# Questions about skiing Pikes Peak



## whatyougetvacations (Nov 27, 2006)

Hey All~

Had a question or two about the backcountry skiing on Pikes. I'm producing a vacation travel series for the Fine Living network and we're considering a piece about driving or taking the cog up Pikes Peak and skiing/riding down. I've lived in Colorado Springs for the past year and I've seen how the snow patterns are kind of unpredictable, and of course we're concerned with safety on the show. I understand that bc skiing is inherently dangerous, but how does Pikes Peak compare to the backcountry of mountain country?

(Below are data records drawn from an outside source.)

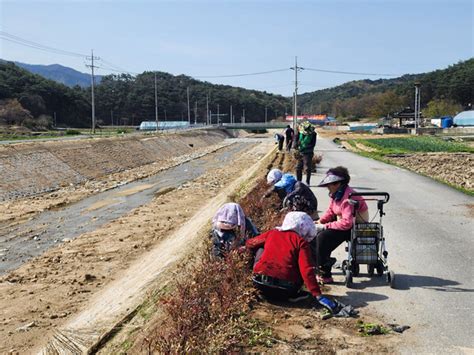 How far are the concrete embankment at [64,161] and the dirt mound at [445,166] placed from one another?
54.5ft

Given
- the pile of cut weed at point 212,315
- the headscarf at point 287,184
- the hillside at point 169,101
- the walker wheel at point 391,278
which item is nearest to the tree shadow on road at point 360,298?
the walker wheel at point 391,278

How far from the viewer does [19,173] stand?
80.1ft

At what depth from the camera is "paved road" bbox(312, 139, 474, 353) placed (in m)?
4.92

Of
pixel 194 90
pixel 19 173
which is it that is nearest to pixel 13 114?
pixel 19 173

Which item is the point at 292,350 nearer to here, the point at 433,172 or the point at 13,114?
the point at 433,172

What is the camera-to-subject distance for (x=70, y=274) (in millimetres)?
9945

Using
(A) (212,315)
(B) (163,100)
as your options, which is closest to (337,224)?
(A) (212,315)

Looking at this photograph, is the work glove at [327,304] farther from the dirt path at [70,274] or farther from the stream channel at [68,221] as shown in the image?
the stream channel at [68,221]

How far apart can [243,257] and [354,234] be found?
4.74 ft

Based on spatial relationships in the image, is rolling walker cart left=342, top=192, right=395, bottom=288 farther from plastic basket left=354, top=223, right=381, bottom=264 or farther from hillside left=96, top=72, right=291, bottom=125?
hillside left=96, top=72, right=291, bottom=125

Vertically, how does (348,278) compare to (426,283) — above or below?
above

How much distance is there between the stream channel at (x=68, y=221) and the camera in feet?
41.2

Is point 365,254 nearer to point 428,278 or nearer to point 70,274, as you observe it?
point 428,278

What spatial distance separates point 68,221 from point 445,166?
15.9 metres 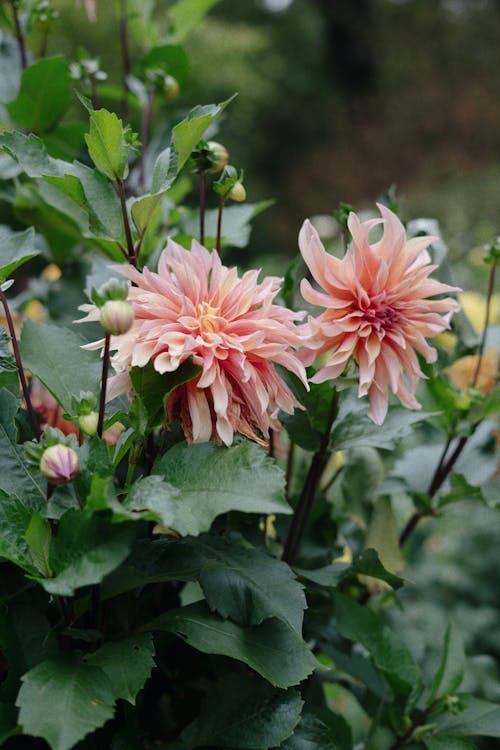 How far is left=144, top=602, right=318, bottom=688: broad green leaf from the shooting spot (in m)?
0.42

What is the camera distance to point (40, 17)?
2.32 ft

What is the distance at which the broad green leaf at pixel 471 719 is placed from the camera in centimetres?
56

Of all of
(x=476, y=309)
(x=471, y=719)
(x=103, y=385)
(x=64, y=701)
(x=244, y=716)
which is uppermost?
(x=103, y=385)

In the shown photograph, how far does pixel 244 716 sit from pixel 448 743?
0.58 feet

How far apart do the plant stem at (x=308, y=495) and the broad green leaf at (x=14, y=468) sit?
0.18m

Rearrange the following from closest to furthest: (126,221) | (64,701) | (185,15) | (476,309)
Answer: (64,701)
(126,221)
(185,15)
(476,309)

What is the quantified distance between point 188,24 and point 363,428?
0.50 metres

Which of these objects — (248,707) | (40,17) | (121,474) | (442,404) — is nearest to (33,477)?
(121,474)

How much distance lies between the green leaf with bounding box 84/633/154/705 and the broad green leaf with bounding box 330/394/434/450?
183mm

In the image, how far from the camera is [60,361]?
1.58 feet

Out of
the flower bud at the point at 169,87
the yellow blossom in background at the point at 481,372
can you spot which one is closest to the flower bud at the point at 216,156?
the flower bud at the point at 169,87

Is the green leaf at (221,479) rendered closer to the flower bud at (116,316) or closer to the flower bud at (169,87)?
the flower bud at (116,316)

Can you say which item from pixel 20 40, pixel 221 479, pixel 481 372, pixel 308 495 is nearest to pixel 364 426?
pixel 308 495

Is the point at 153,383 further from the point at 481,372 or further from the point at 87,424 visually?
the point at 481,372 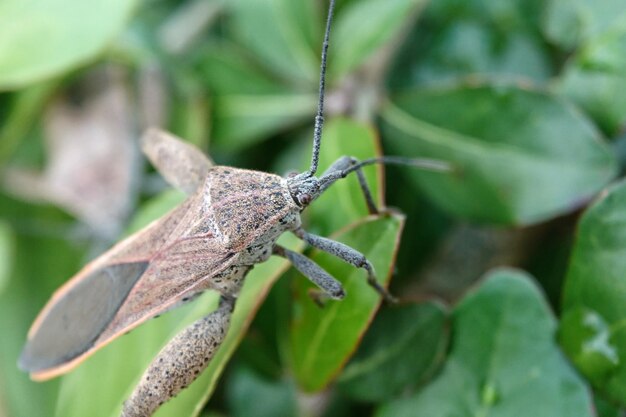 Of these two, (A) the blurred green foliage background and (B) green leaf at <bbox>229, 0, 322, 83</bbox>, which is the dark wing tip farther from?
(B) green leaf at <bbox>229, 0, 322, 83</bbox>

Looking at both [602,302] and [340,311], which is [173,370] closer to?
[340,311]

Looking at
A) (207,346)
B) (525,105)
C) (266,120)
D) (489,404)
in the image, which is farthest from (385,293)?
(266,120)

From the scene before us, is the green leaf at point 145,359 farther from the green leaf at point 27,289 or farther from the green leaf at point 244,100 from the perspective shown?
the green leaf at point 244,100

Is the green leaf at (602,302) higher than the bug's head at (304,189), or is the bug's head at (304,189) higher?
the bug's head at (304,189)

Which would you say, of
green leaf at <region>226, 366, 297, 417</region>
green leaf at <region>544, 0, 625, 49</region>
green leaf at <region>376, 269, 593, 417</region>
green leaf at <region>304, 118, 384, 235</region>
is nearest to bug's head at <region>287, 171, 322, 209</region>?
green leaf at <region>304, 118, 384, 235</region>

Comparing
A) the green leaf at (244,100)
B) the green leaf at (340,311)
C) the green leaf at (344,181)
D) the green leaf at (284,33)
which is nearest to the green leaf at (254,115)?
the green leaf at (244,100)

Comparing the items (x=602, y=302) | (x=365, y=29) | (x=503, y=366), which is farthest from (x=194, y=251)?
(x=602, y=302) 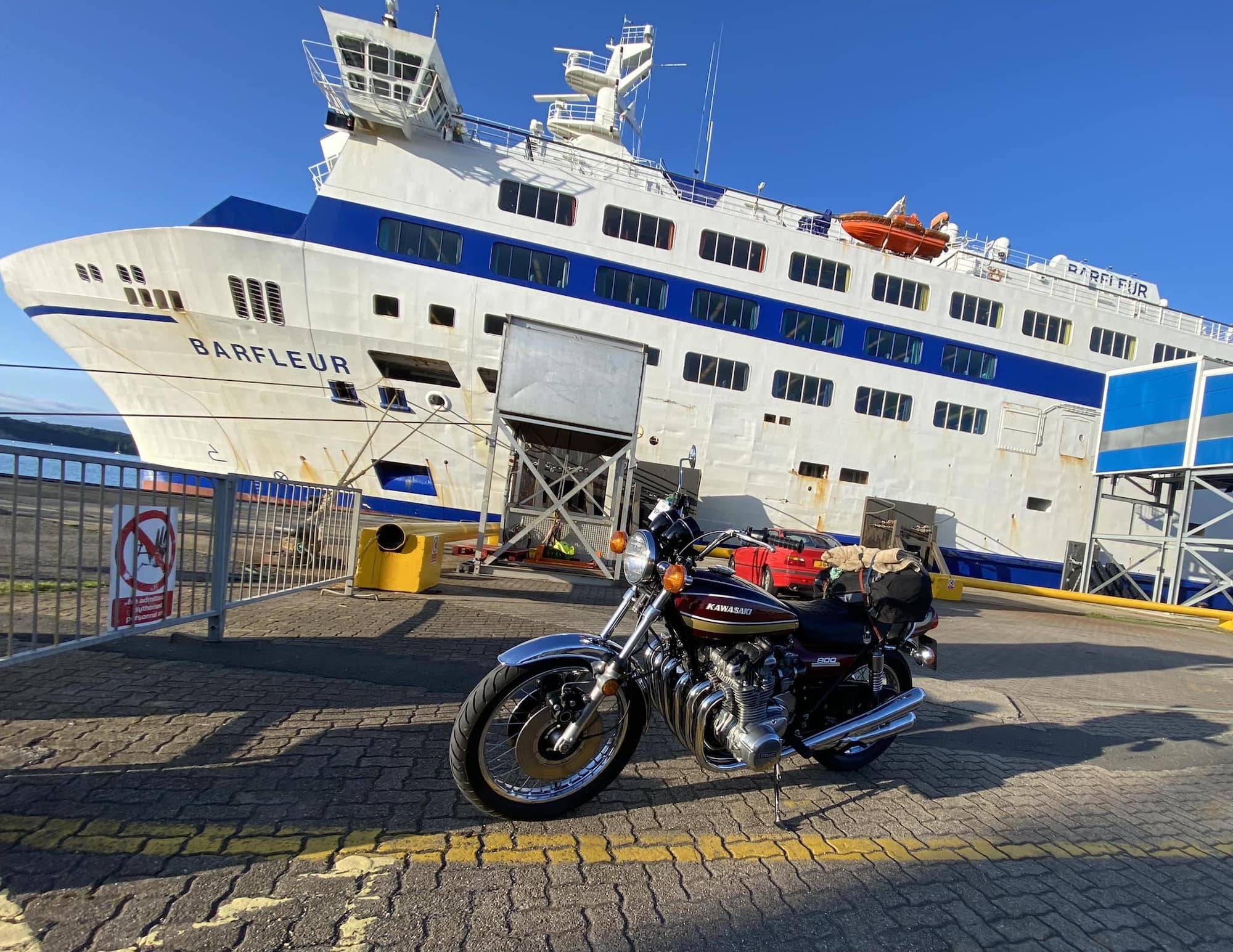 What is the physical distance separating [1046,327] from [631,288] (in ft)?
42.1

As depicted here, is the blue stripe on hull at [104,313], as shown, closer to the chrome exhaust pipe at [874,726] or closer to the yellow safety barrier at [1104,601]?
the chrome exhaust pipe at [874,726]

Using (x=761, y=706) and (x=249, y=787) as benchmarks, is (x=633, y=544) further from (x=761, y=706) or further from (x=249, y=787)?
(x=249, y=787)

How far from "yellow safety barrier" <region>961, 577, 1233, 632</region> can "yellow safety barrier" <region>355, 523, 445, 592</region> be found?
1132 cm

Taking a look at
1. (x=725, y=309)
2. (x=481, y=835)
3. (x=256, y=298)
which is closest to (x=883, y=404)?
(x=725, y=309)

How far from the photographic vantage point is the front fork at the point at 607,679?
8.18ft

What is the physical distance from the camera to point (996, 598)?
12.8 m

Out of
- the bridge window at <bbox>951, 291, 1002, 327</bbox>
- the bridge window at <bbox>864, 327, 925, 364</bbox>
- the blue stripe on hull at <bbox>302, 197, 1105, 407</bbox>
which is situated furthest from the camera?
the bridge window at <bbox>951, 291, 1002, 327</bbox>

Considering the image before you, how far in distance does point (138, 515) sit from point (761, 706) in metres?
3.47

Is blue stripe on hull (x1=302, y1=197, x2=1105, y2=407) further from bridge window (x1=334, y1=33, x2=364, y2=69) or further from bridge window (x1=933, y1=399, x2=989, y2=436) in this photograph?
bridge window (x1=334, y1=33, x2=364, y2=69)

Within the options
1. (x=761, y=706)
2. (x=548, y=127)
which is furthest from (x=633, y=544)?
(x=548, y=127)

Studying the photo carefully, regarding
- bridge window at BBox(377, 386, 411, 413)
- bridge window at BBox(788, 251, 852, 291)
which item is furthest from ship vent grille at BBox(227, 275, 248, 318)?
bridge window at BBox(788, 251, 852, 291)

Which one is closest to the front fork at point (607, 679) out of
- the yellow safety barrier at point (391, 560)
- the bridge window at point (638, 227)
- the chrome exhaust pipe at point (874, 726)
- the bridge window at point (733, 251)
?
the chrome exhaust pipe at point (874, 726)

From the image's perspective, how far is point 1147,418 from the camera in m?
15.5

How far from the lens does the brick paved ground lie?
6.15 feet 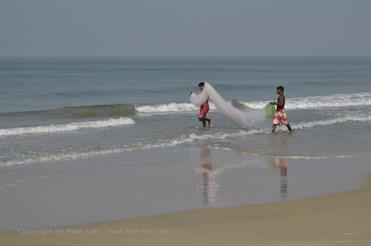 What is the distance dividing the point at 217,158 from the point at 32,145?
4.74 meters

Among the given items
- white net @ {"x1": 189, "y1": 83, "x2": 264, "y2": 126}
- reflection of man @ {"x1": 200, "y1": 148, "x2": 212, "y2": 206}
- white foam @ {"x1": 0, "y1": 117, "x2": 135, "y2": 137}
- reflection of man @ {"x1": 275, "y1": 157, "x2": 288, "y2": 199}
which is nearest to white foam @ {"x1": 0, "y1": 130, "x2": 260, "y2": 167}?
white net @ {"x1": 189, "y1": 83, "x2": 264, "y2": 126}

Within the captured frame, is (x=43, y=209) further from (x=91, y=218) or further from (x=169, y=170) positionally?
(x=169, y=170)

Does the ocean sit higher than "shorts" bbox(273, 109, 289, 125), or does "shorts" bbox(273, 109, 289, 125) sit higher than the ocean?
"shorts" bbox(273, 109, 289, 125)

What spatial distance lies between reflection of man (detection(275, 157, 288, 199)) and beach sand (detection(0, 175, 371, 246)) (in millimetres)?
1023

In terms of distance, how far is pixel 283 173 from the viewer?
11.3 meters

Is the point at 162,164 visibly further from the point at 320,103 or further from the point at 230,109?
the point at 320,103

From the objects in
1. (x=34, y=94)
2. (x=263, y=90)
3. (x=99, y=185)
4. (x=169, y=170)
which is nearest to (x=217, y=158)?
(x=169, y=170)

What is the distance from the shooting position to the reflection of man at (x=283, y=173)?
965cm

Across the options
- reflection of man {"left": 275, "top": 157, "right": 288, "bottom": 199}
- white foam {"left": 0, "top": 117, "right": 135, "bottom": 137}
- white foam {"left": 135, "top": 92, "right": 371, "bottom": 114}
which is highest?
→ white foam {"left": 135, "top": 92, "right": 371, "bottom": 114}

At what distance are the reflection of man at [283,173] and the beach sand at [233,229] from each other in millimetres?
1023

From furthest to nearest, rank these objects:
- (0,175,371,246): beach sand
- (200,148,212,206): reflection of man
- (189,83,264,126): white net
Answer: (189,83,264,126): white net → (200,148,212,206): reflection of man → (0,175,371,246): beach sand

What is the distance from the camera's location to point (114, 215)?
820 cm

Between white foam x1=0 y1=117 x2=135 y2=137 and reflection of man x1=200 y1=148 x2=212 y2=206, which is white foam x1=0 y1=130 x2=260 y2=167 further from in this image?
white foam x1=0 y1=117 x2=135 y2=137

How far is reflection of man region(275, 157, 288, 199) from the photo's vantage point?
965 cm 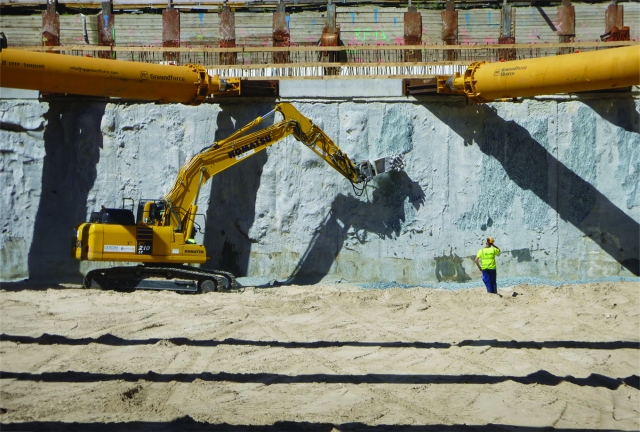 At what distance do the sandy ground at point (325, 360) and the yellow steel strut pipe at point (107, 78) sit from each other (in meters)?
3.70

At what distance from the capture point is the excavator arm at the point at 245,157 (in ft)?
45.6

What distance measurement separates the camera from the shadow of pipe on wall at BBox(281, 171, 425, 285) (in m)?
15.3

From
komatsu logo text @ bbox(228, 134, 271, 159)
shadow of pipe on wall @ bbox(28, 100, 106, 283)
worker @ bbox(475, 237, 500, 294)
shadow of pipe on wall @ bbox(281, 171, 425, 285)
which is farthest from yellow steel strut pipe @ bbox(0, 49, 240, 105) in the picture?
worker @ bbox(475, 237, 500, 294)

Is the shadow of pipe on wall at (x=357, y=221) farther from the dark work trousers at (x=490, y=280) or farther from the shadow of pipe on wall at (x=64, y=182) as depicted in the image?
the shadow of pipe on wall at (x=64, y=182)

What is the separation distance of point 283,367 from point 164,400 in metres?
1.67

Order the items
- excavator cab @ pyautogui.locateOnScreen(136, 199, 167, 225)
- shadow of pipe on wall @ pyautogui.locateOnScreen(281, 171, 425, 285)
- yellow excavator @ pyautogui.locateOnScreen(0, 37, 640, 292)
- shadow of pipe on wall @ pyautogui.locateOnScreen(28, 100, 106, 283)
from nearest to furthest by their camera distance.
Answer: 1. yellow excavator @ pyautogui.locateOnScreen(0, 37, 640, 292)
2. excavator cab @ pyautogui.locateOnScreen(136, 199, 167, 225)
3. shadow of pipe on wall @ pyautogui.locateOnScreen(281, 171, 425, 285)
4. shadow of pipe on wall @ pyautogui.locateOnScreen(28, 100, 106, 283)

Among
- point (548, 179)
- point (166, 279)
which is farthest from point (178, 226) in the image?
point (548, 179)

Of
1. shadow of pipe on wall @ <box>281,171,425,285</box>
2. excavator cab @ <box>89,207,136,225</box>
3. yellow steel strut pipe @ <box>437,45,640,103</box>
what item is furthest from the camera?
shadow of pipe on wall @ <box>281,171,425,285</box>

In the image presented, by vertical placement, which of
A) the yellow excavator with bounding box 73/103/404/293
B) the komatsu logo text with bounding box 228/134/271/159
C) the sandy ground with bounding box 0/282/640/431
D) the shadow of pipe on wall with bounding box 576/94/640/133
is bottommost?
the sandy ground with bounding box 0/282/640/431

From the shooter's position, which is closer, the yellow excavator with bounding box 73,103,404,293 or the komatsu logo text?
the yellow excavator with bounding box 73,103,404,293

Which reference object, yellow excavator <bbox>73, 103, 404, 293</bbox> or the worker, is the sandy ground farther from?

Any opinions you have would be welcome!

Jen


----------



## iliketohike (Nov 29, 2006)

*bring ur rock skis!*

I lived in C springs for almost 3 years. Of course every year the conditions are different, but there was rarely enough snow to ski the east face. It's bony and the snow drifts and its bony, and once the snow is good, the cog/road is almost definitely closed. I never actually mustered up the motivation to hike it with ski's, but the people I talked to would ski the west face and drive up to where the road closes in the winter, and hike the road. There are a couple good Col's (how do you spell colour?) anyway, one of em is called little Italy i think, but because of the sun, they tend to ice up. The back side it supposed to be better. I know people do it, but I never met any of them that wanted to ski it with me. Mostly I would just hike it with snow shoes in the winter and it gets really cold up there sometimes. So as far as a summit/ski...hope for a good year. Go to Mountain Challet and ask those guys, they're getting it done. C Springs is a better place to climb than ski. You can do that all year.


----------



## COUNT (Jul 5, 2005)

Couloir.


----------



## BastrdSonOfElvis (Mar 24, 2005)

The mountain biking is pretty sweet, too. If you're hellbent on skiing the peak, there is a guide service out of Colo. Springs. They go on expeditions and whatnot. I took an avy class with them last year and it was pretty good (I guess, my first avy class). I can't remember the guy's name, but if you google Pikes Peak Mountain Guide they'll probably come up.


----------



## cbrobin (Jan 21, 2004)

Here is a link to a map of skiing Pike's Peak.

http://www.geocities.com/tradkelly/skipikespeak/skipikespeak.html

Enjoy.
CB


----------



## whatyougetvacations (Nov 27, 2006)

You guys are the best! Thanks! Anyone coming in town in January and want to be on the show?


----------



## BastrdSonOfElvis (Mar 24, 2005)

I remember the guy's name...Jamie Pierce at the Pike's Peak Alpine School. I have no contact info.


----------